A slight improvement in overall economic activity in September will have helped tax receipts despite mounting pressure on the public purse as Government spending, driven up by higher benefits, still outweighs tax receipts.
Howard Archer, chief UK and European economist at IHS Global Insight, said the Chancellor faces a "problematic" autumn statement in December as borrowing looks set to overshoot the £120 billion target for 2012/2013 by at least £15 billion.
He said: "The Chancellor will be desperately hoping that the UK can start showing sustained growth which would at least help the public finances improve over the coming months and help combat calls for easing back on the austerity."

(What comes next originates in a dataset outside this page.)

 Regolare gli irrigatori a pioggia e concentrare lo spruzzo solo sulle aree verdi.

The Chancellor is now widely expected to announce in his autumn statement that the Government will be unable to start bringing down debt as a percentage of GDP in 2015/16.

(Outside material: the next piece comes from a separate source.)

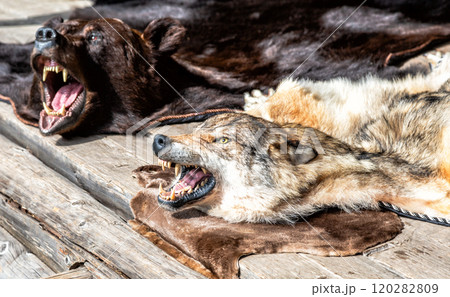 Wolf and bear skins with a grinning muzzles. Stuffed predatory forest animals Wolf and bear skins with a grinning muzzles. Stuffed predatory forest animals 120282809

The chances of this happening were heightened last month after Bank of England Governor Sir Mervyn King effectively endorsed such a move - on condition the global economy was growing slowly.
If Mr Osborne sticks to the debt target, he will be faced with the unpopular decision of announcing potentially large tax rises and further spending cuts.
Government borrowing remained unchanged in August at £14.4 billion as total tax receipts increased 1.8% to £41.4 billion and total expenditure rose by 2.5% to £52.5 billion.
In the first five months of the financial year, the public finances were worse year-on-year due to economic contraction hitting tax revenues.
Stripping out the one-off impact of the transfer of £28 billion of assets from the Royal Mail's pension funds, public borrowing was £59 billion, up from £48.4 billion in the corresponding period in 2011/12.